Exactly the lines starting at the line containing "Rubber Overload: the Ultimate Latex Orgy" and ending at the line containing "CONVERSE 全新 One Star Premium Suede 系列正式上架" are to be written out from the listing below, both included.

BEGIN Information

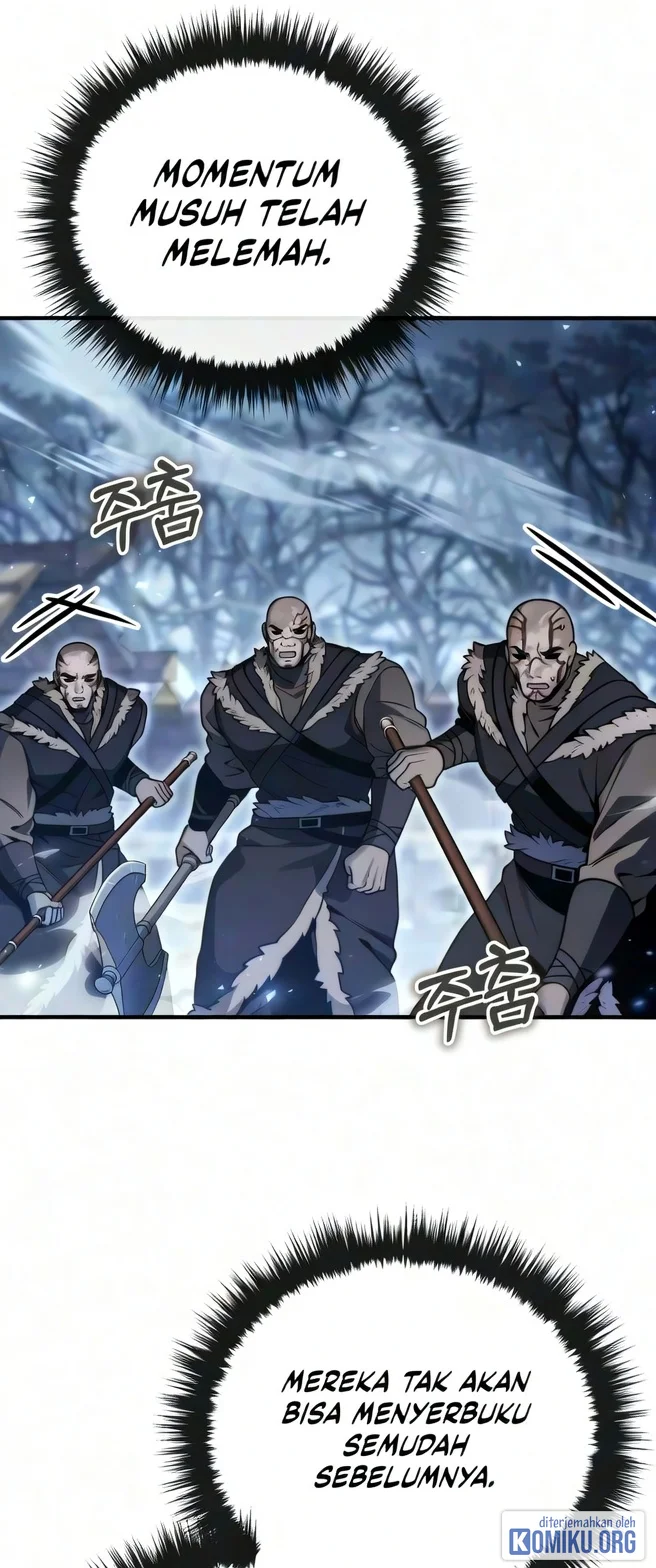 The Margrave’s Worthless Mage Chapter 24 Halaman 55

END Information
BEGIN Information

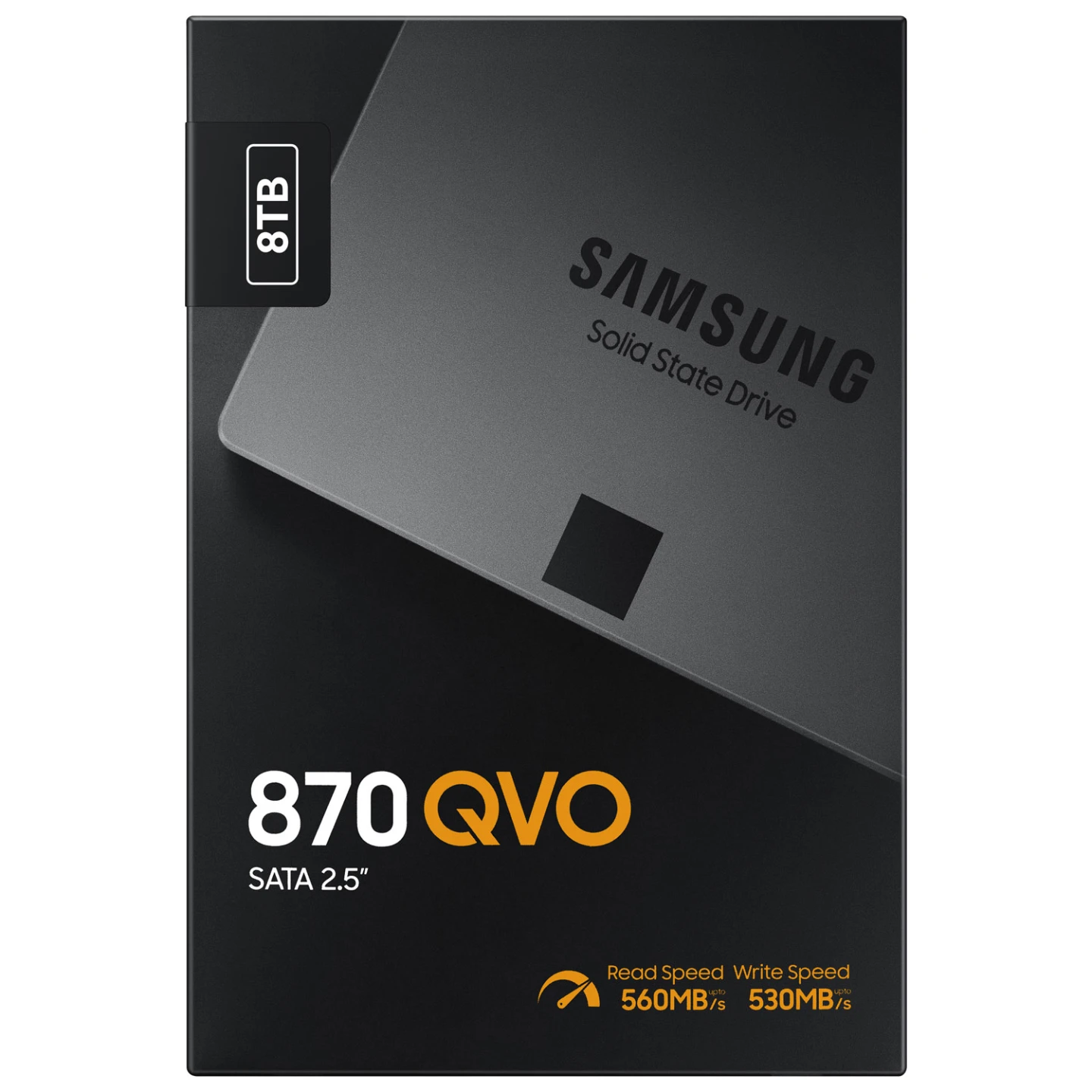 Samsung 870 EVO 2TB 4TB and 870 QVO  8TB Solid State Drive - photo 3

END Information
BEGIN Information

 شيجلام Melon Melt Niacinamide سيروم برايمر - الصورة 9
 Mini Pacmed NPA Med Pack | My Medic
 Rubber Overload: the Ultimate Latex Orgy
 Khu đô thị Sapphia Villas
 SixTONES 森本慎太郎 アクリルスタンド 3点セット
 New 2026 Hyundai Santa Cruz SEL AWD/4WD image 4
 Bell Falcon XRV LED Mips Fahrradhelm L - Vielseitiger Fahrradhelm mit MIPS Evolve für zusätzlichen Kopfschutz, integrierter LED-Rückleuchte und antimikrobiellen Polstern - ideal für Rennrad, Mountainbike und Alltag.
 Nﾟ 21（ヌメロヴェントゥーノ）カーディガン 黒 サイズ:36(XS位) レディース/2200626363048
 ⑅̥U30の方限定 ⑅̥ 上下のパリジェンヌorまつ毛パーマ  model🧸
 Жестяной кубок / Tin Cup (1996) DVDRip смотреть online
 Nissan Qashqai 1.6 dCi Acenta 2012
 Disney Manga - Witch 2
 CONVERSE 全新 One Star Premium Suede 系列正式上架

END Information

Reply
 Rubber Overload: the Ultimate Latex Orgy
 Khu đô thị Sapphia Villas
 SixTONES 森本慎太郎 アクリルスタンド 3点セット
 New 2026 Hyundai Santa Cruz SEL AWD/4WD image 4
 Bell Falcon XRV LED Mips Fahrradhelm L - Vielseitiger Fahrradhelm mit MIPS Evolve für zusätzlichen Kopfschutz, integrierter LED-Rückleuchte und antimikrobiellen Polstern - ideal für Rennrad, Mountainbike und Alltag.
 Nﾟ 21（ヌメロヴェントゥーノ）カーディガン 黒 サイズ:36(XS位) レディース/2200626363048
 ⑅̥U30の方限定 ⑅̥ 上下のパリジェンヌorまつ毛パーマ  model🧸
 Жестяной кубок / Tin Cup (1996) DVDRip смотреть online
 Nissan Qashqai 1.6 dCi Acenta 2012
 Disney Manga - Witch 2
 CONVERSE 全新 One Star Premium Suede 系列正式上架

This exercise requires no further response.